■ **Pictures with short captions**
==========

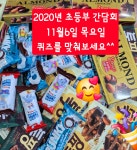 삼성 C&A 영어학원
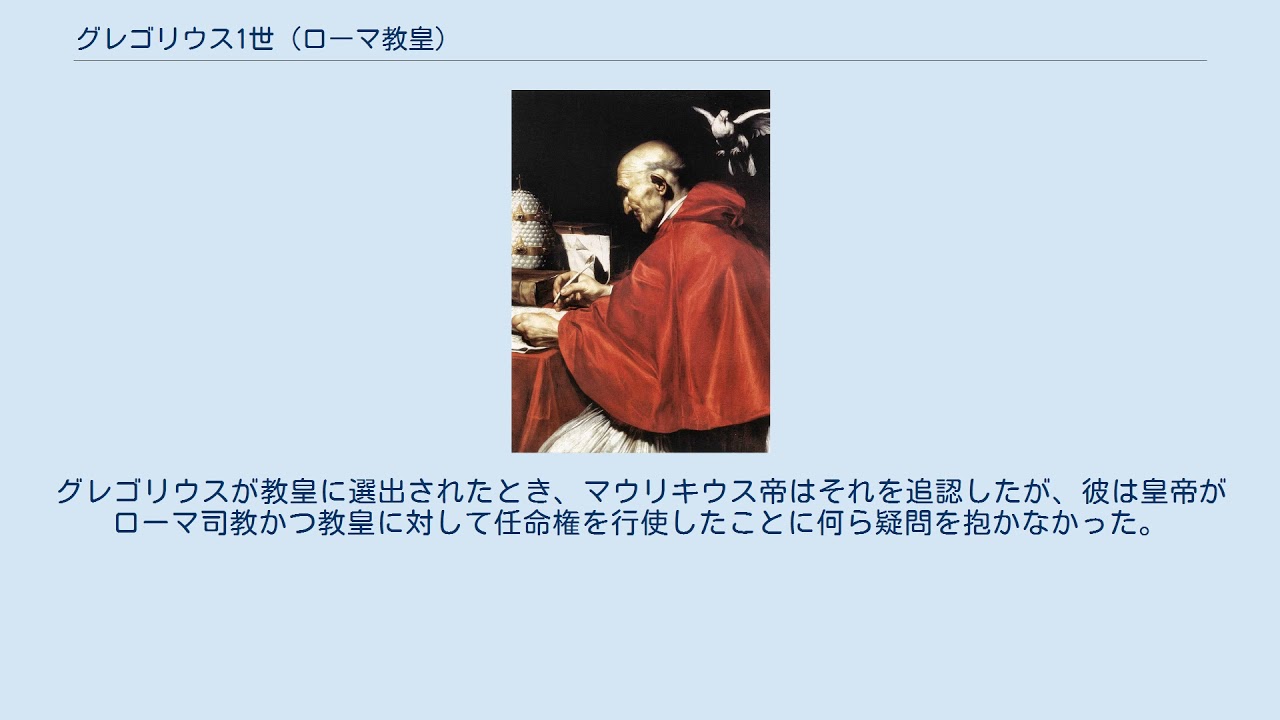 グレゴリウス1世 (ローマ教皇) YouTube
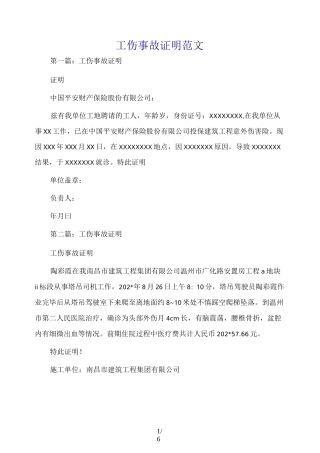 工伤事故证明范文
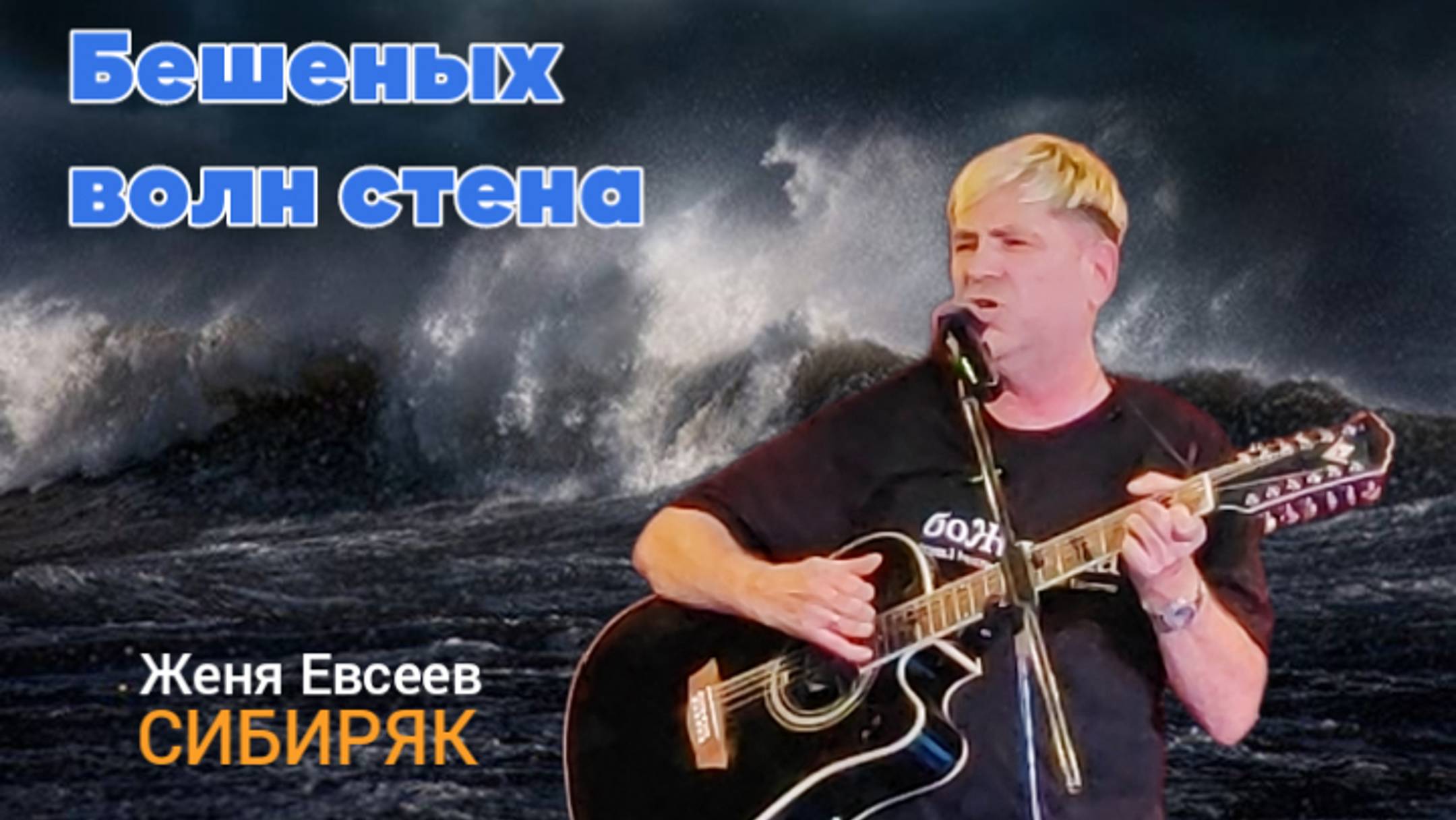 Женя Евсеев-Сибиряк-БЕШЕННЫХ ВОЛН СТЕНА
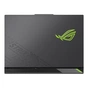 Ноутбук Asus ROG Strix G16 G614PP-RV224 (90NR0L67-M00A80) Eclipse Gray - зменшене зображення 7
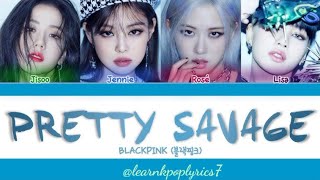 Learn pretty savage lyrics by blackpink 🫰🫶💗🖤 blackpink bts bts army kpop lyrics rap [upl. by Annayek85]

==========

■ **Problem requirements**
Leaving out the pictures, please transcribe exactly the lines from the one that holds "Женя Евсеев-Сибиряк-БЕШЕННЫХ ВОЛН СТЕНА" through the last line of the entries above, both included.

■ **Solution to the problem**
 Женя Евсеев-Сибиряк-БЕШЕННЫХ ВОЛН СТЕНА
 Ноутбук Asus ROG Strix G16 G614PP-RV224 (90NR0L67-M00A80) Eclipse Gray - зменшене зображення 7
 Learn pretty savage lyrics by blackpink 🫰🫶💗🖤 blackpink bts bts army kpop lyrics rap [upl. by Annayek85]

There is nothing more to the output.